» Assigned task:
From the line containing "PEONIA ROSA" through the last line below, copy every line exactly, leaving out the pictures.

+++ Dataset content

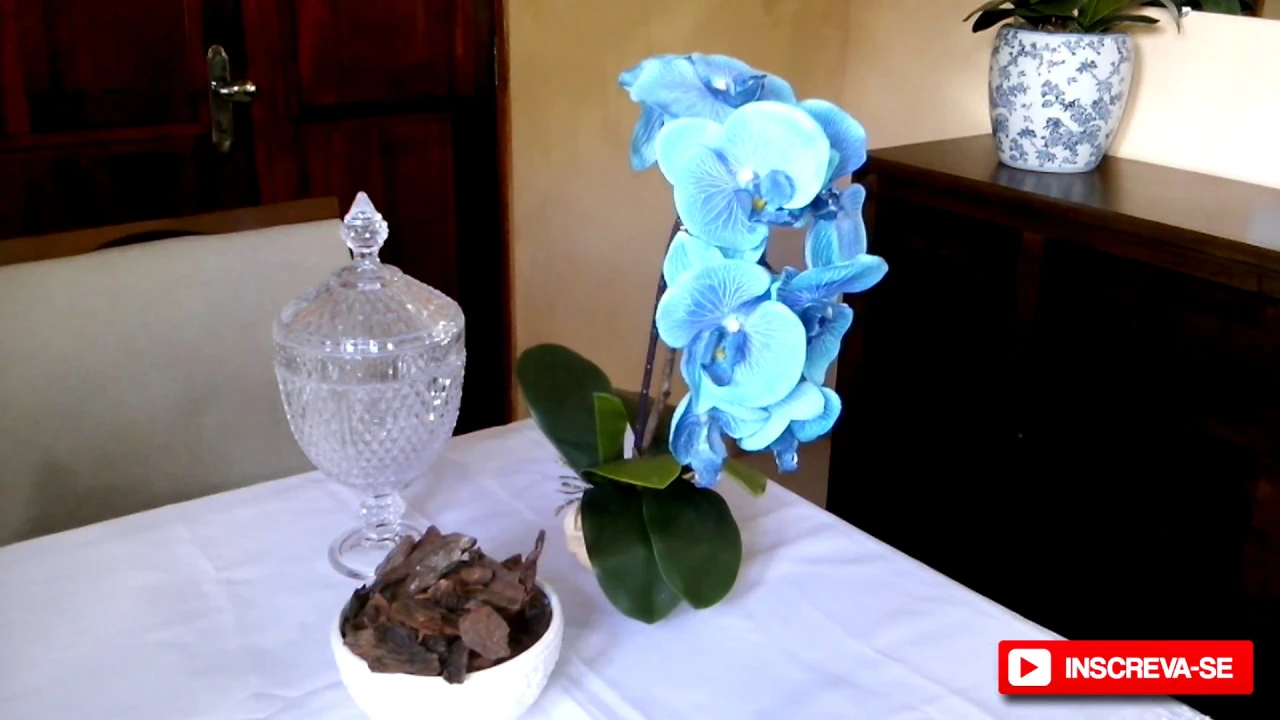 COMO FAZER ARRANJO COM ORQUÍDEA AZUL
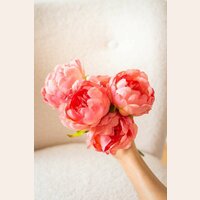 PEONIA ROSA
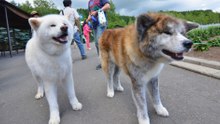 13 Courageous Dog Breeds Ready to Defend Their Humans
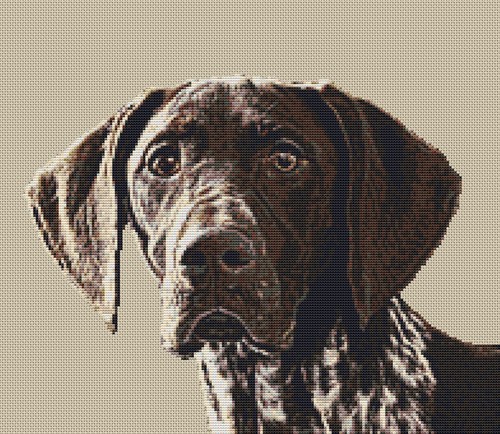 German shorthaired pointer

++++++

» Written response:
 PEONIA ROSA
 13 Courageous Dog Breeds Ready to Defend Their Humans
 German shorthaired pointer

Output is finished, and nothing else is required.